■ **EXERCISE DETAILS**
No line of the records may be dropped; print them all again exactly.

** RECORDED INFORMATION follows **

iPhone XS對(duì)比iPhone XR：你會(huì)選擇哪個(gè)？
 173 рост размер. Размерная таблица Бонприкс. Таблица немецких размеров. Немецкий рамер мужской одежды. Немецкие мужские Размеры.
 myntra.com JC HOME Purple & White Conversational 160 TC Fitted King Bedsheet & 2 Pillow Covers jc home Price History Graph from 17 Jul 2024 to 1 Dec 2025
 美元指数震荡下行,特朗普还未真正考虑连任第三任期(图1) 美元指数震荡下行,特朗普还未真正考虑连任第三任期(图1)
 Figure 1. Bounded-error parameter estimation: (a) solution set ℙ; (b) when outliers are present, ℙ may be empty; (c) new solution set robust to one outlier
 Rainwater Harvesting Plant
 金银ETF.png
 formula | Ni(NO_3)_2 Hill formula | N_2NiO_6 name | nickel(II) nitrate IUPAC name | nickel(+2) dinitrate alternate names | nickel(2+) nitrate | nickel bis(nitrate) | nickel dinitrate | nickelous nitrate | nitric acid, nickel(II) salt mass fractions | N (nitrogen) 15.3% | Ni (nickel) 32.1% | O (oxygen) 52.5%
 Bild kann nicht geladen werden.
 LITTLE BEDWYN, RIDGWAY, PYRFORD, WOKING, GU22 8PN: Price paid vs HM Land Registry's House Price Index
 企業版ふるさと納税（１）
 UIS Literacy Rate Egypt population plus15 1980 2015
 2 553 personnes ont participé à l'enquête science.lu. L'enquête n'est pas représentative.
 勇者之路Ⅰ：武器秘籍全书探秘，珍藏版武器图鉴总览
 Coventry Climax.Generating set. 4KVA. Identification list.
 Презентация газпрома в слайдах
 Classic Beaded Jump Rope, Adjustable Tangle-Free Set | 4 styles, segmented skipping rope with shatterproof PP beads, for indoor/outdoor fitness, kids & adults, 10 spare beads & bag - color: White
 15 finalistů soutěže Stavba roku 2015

** End of RECORDED INFORMATION **

■ **TASK RESPONSE**
iPhone XS對(duì)比iPhone XR：你會(huì)選擇哪個(gè)？
 173 рост размер. Размерная таблица Бонприкс. Таблица немецких размеров. Немецкий рамер мужской одежды. Немецкие мужские Размеры.
 myntra.com JC HOME Purple & White Conversational 160 TC Fitted King Bedsheet & 2 Pillow Covers jc home Price History Graph from 17 Jul 2024 to 1 Dec 2025
 美元指数震荡下行,特朗普还未真正考虑连任第三任期(图1) 美元指数震荡下行,特朗普还未真正考虑连任第三任期(图1)
 Figure 1. Bounded-error parameter estimation: (a) solution set ℙ; (b) when outliers are present, ℙ may be empty; (c) new solution set robust to one outlier
 Rainwater Harvesting Plant
 金银ETF.png
 formula | Ni(NO_3)_2 Hill formula | N_2NiO_6 name | nickel(II) nitrate IUPAC name | nickel(+2) dinitrate alternate names | nickel(2+) nitrate | nickel bis(nitrate) | nickel dinitrate | nickelous nitrate | nitric acid, nickel(II) salt mass fractions | N (nitrogen) 15.3% | Ni (nickel) 32.1% | O (oxygen) 52.5%
 Bild kann nicht geladen werden.
 LITTLE BEDWYN, RIDGWAY, PYRFORD, WOKING, GU22 8PN: Price paid vs HM Land Registry's House Price Index
 企業版ふるさと納税（１）
 UIS Literacy Rate Egypt population plus15 1980 2015
 2 553 personnes ont participé à l'enquête science.lu. L'enquête n'est pas représentative.
 勇者之路Ⅰ：武器秘籍全书探秘，珍藏版武器图鉴总览
 Coventry Climax.Generating set. 4KVA. Identification list.
 Презентация газпрома в слайдах
 Classic Beaded Jump Rope, Adjustable Tangle-Free Set | 4 styles, segmented skipping rope with shatterproof PP beads, for indoor/outdoor fitness, kids & adults, 10 spare beads & bag - color: White
 15 finalistů soutěže Stavba roku 2015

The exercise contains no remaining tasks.